▶ _Activity_: Line for line, return the data exactly, omitting all pictures.

▶ _Supplied entries_:

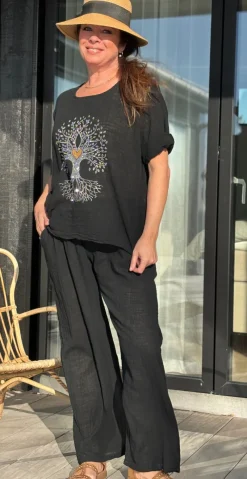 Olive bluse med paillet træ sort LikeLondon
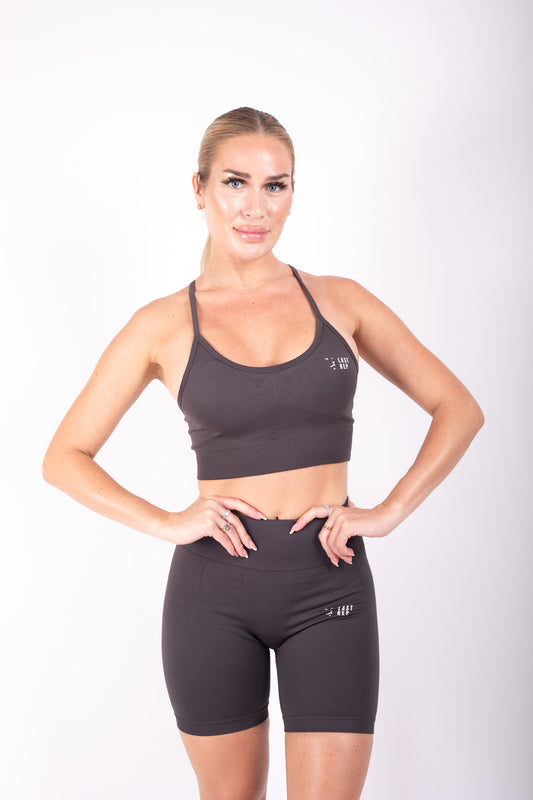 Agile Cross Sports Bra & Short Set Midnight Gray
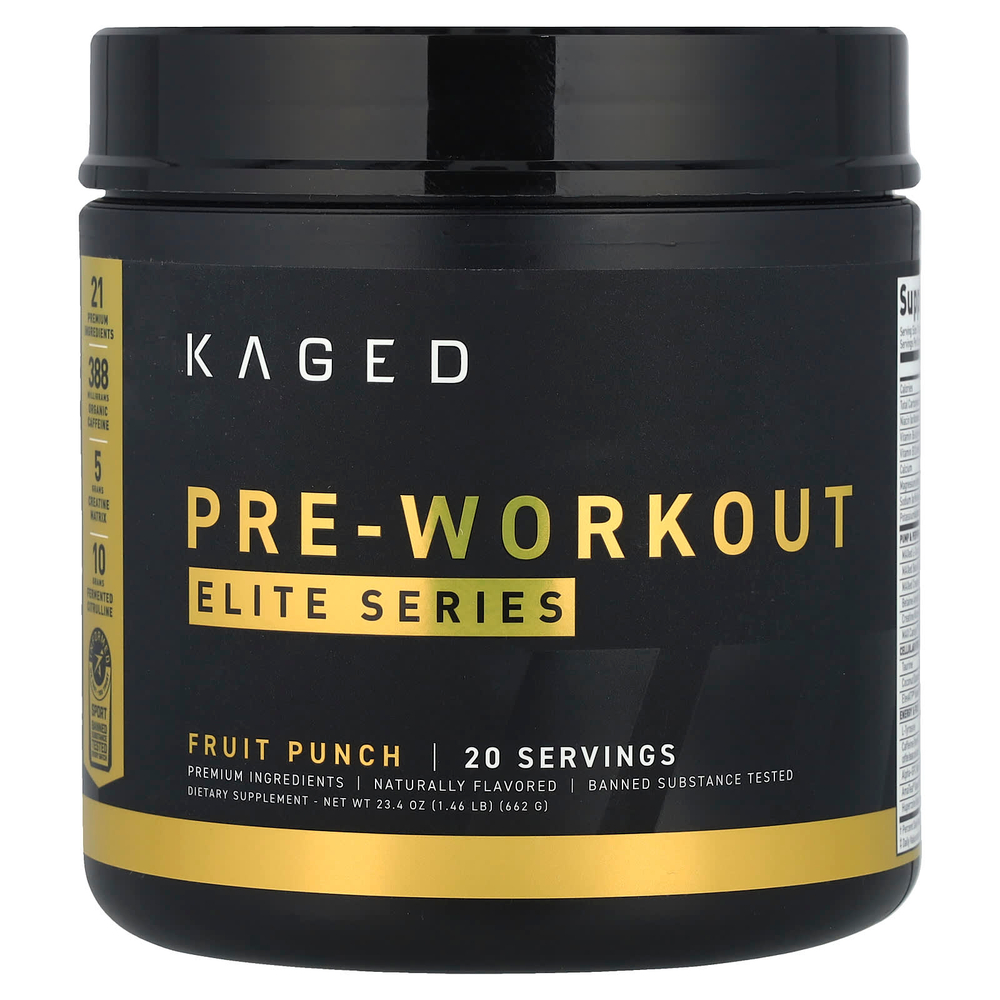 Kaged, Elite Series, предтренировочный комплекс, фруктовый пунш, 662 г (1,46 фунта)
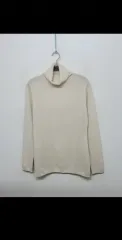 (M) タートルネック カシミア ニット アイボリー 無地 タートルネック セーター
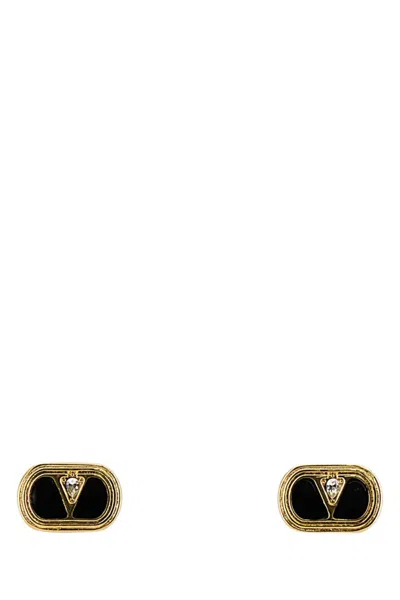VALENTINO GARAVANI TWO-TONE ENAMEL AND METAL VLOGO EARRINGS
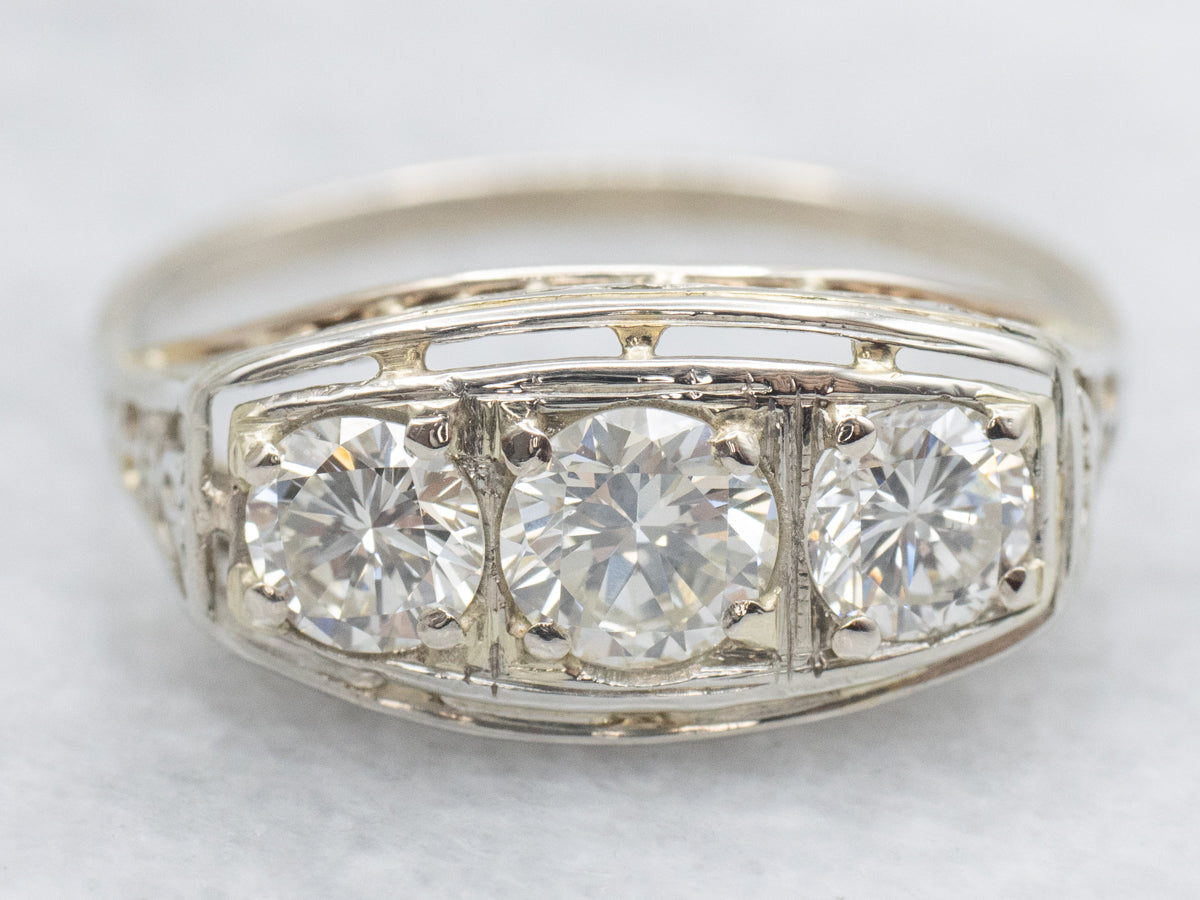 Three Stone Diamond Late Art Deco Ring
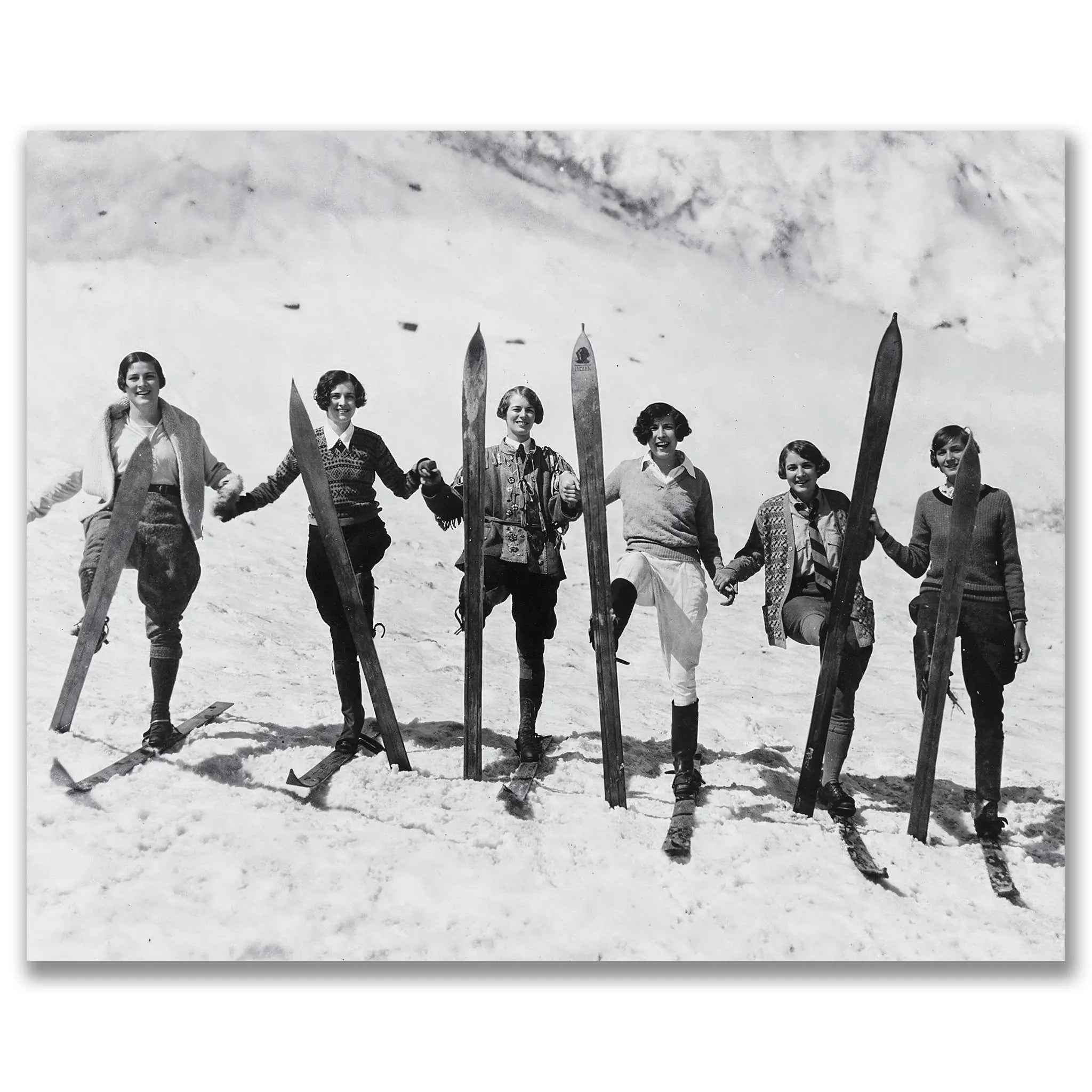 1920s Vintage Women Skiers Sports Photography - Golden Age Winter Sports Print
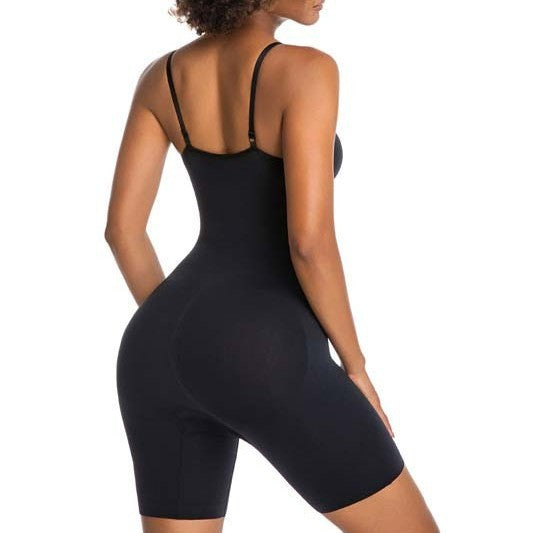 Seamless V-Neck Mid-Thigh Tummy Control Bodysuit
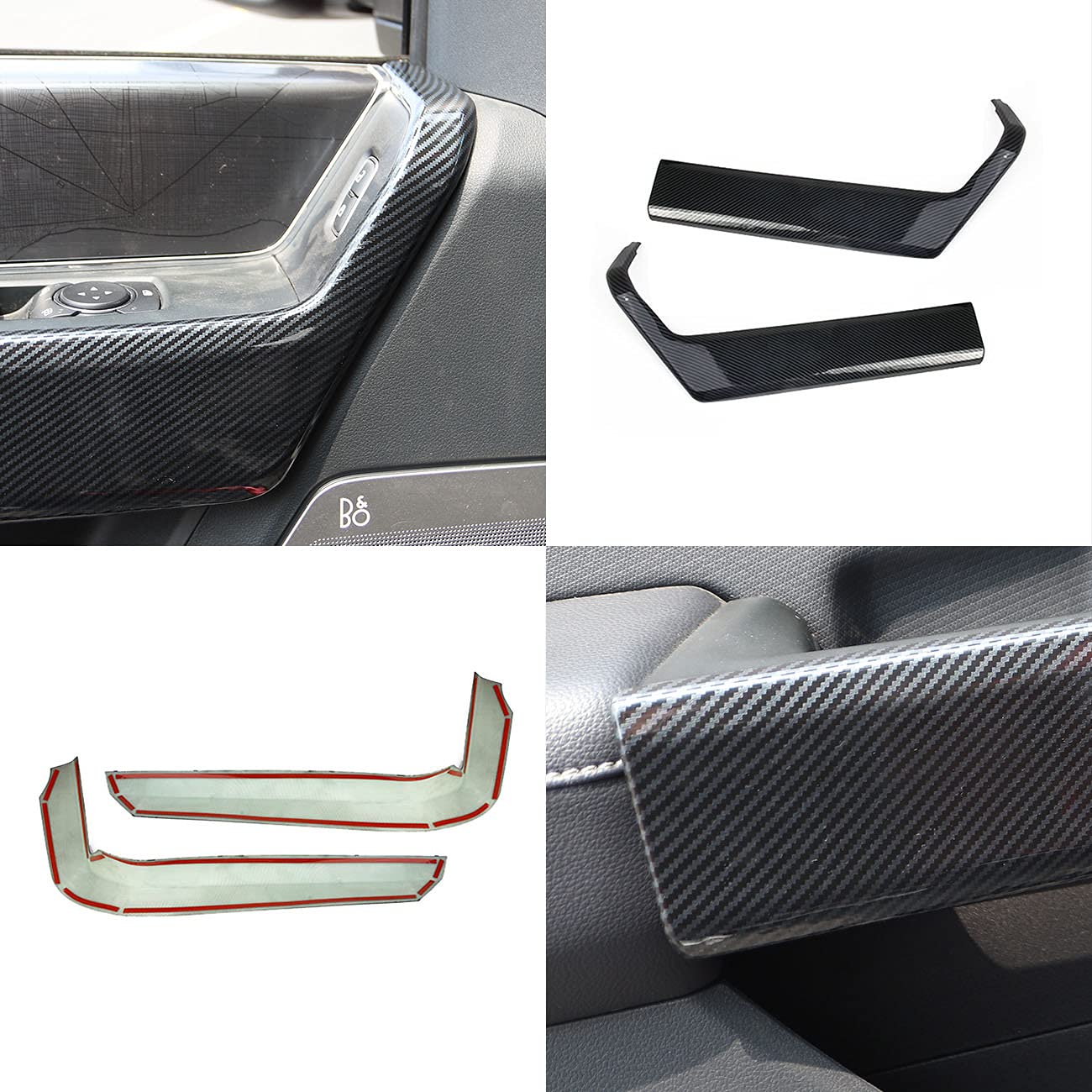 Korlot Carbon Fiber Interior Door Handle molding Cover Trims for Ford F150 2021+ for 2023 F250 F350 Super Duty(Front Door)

▶ _Result of this task_:
 Olive bluse med paillet træ sort LikeLondon
 Agile Cross Sports Bra & Short Set Midnight Gray
 Kaged, Elite Series, предтренировочный комплекс, фруктовый пунш, 662 г (1,46 фунта)
 (M) タートルネック カシミア ニット アイボリー 無地 タートルネック セーター
VALENTINO GARAVANI TWO-TONE ENAMEL AND METAL VLOGO EARRINGS
 Three Stone Diamond Late Art Deco Ring
 1920s Vintage Women Skiers Sports Photography - Golden Age Winter Sports Print
 Seamless V-Neck Mid-Thigh Tummy Control Bodysuit
 Korlot Carbon Fiber Interior Door Handle molding Cover Trims for Ford F150 2021+ for 2023 F250 F350 Super Duty(Front Door)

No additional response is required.